"There's a lot of noise out there," he said Friday on CNBC's "Squawk Box," though he acknowledged that CBS is closer to Time Warner than any other entertainment company. "We own the CW together. We do the NCAA basketball tournament together. Warner Bros. is probably, outside of ourselves, the top-supplier of shows to the CBS television network."
But Moonves—who recently signed a new deal to keep him at the network until 2019—contended that both companies are going "extremely well" on their own. "Right now, we are very happy being alone."
In 2006, when Viacom split into two publicly traded companies, Moonves was named CEO of the newly formed CBS. Media legend Sumner Redstone is executive chairman of both CBS and Viacom.
As for suggestions that CBS would have be more powerful if it came back together with Viacom, Moonves said, "We feel we have plenty of clout in the marketplace." Citing recent carriage battles with Time Warner Cable and Dish Network, he said, "We came out just fine."
"We have the NFL," he continued. "We have the No. 1 comedy in 'Big Bang Theory,' the No. 1 drama in 'NCIS.' We have a lot of clout when we go in with distributors and say, 'You know what, you really need to have CBS on the air.' We don't need to add to have that clout." The CBS Corporation includes the broadcast network, owned-and-operated local TV stations, CBS Television Studios, movie channel Showtime and the CBS Sports Network.
Owning content now and in the future is becoming as important as advertising, Moonves said. "Content is going to continue to propel us." He also stressed the importance of CBS as a company evolving in the digital age. "We are putting a lot of our content online and getting paid for it."
As for the NFL, Moonves said that NBC did a "spectacular job with the Patriots-Seahawks Super Bowl. "They had a phenomenal matchup, two great teams.

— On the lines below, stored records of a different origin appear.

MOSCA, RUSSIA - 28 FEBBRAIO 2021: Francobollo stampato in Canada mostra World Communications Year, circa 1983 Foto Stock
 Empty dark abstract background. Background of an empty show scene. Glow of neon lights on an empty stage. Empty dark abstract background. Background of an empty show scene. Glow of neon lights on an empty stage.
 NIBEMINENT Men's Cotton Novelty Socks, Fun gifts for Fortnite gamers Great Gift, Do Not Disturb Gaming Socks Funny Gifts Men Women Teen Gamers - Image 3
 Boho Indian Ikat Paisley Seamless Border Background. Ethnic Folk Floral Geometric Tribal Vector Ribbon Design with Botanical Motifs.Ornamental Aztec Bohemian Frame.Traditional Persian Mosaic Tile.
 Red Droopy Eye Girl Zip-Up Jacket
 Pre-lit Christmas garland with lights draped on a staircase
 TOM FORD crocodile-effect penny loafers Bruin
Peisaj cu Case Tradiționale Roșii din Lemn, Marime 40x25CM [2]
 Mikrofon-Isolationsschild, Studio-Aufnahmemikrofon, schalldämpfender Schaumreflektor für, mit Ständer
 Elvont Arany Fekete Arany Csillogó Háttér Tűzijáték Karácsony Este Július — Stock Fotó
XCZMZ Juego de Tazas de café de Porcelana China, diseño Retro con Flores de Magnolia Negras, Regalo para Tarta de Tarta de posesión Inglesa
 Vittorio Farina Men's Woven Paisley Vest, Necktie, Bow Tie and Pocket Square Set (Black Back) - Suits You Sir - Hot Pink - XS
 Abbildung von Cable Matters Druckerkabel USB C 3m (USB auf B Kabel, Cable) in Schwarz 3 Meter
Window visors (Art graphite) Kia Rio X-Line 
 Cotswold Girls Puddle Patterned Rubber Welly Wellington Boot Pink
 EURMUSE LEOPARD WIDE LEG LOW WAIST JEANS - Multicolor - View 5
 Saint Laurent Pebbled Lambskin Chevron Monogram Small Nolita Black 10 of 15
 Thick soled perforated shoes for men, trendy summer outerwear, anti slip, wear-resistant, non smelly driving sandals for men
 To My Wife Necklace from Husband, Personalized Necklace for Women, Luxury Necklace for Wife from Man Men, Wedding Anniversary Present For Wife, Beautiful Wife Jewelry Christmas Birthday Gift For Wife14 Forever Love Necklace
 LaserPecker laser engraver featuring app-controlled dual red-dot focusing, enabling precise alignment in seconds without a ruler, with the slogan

You couldn't imagine a better game. I thought Katy Perry was sensational [during halftime]. Top-to-bottom they were lucky and good."
"It's the one day of the year we root for them," he added. "We have Super Bowl 50 and our ad rates, which are going to begin north of $5 million for a 30 second television spot, are based on their great ratings."
Brands paid NBC up to a record $4.5 million for a 30-second spot during the big game last Sunday.
Disclosure: NBC and CNBC are owned by Comcast.